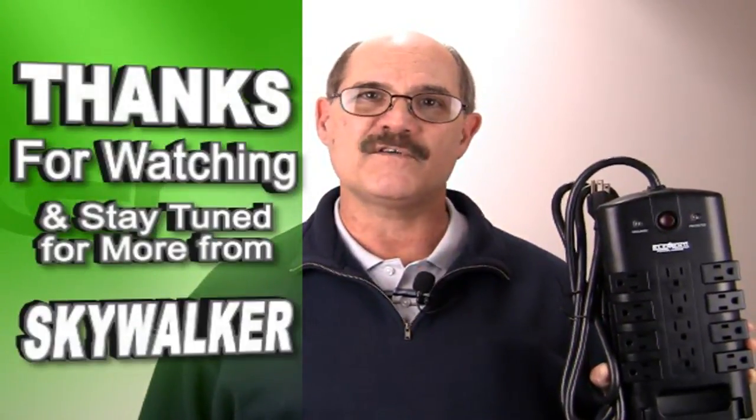With all these features and rugged construction, the ELE HZ Element 9003 is the ideal solution for your home or small office power needs. I highly recommend it. Thanks for watching and stay tuned for more from Skywalker.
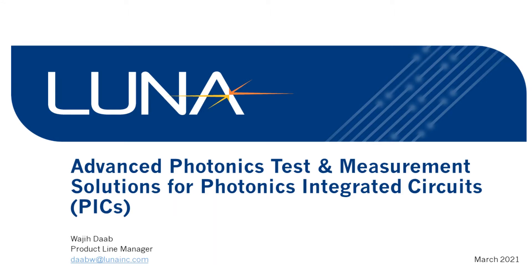Thanks for watching this presentation. This is Wajid Ab. I am a product line manager at Luna Innovations and today I'm going to present the advanced photonics testing and measurement solutions that we offer for characterizing photonics integrated circuits.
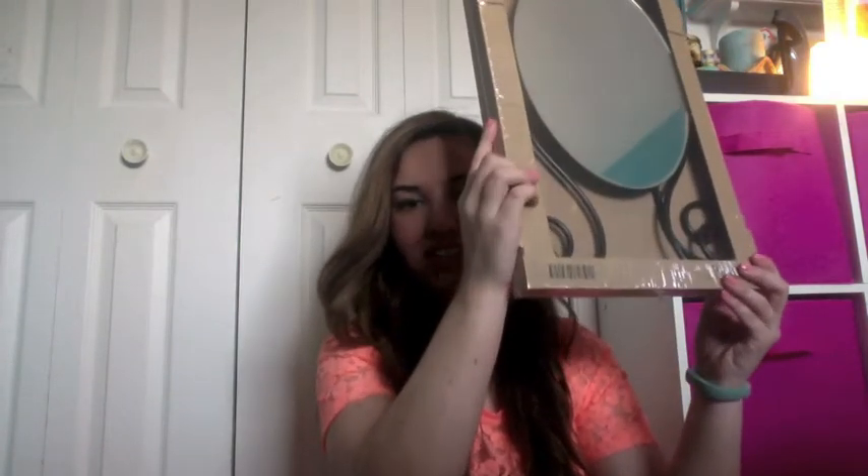I got a mirror at Ikea — it's the Mikan mirror, or something like that. This was like $10, which I think is a pretty good deal for a mirror.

- _Task directions_
Quote the material above exactly, from the line holding "Thanks for watching this" through its last line, including both. Omit the pictures.

- _Reply_
Thanks for watching this presentation. This is Wajid Ab. I am a product line manager at Luna Innovations and today I'm going to present the advanced photonics testing and measurement solutions that we offer for characterizing photonics integrated circuits.
I got a mirror at Ikea — it's the Mikan mirror, or something like that. This was like $10, which I think is a pretty good deal for a mirror.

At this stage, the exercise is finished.